# REQUIREMENT
Leave out the pictures and restate exactly, and only, the lines from the one that contains "bedroom with carpet" through the final line of the material below.

# AVAILABLE DATA
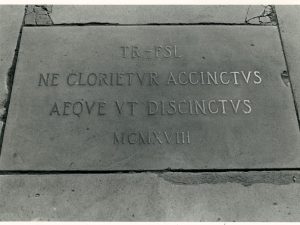 Plaque on Long Walk commemmorating the honorary degree awarded Theodore Roosevelt by Flavel Sweeten Luther. (Photographer unknown, 1919)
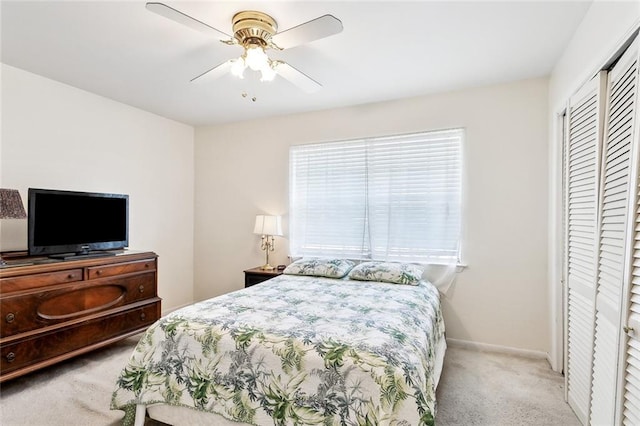 bedroom with carpet floors, baseboards, ceiling fan, and a closet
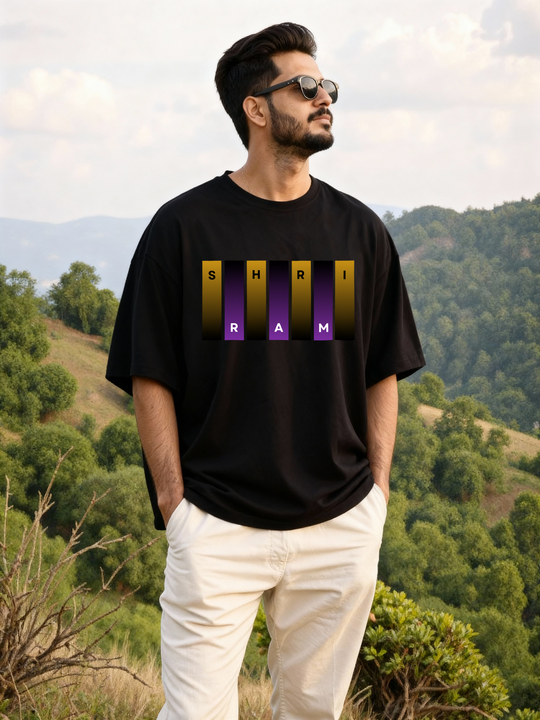 Man in a scenic mountain landscape wearing Parambhakt Shri Ram oversized T-shirt with sunglasses.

# EXERCISE RESULT
 bedroom with carpet floors, baseboards, ceiling fan, and a closet
 Man in a scenic mountain landscape wearing Parambhakt Shri Ram oversized T-shirt with sunglasses.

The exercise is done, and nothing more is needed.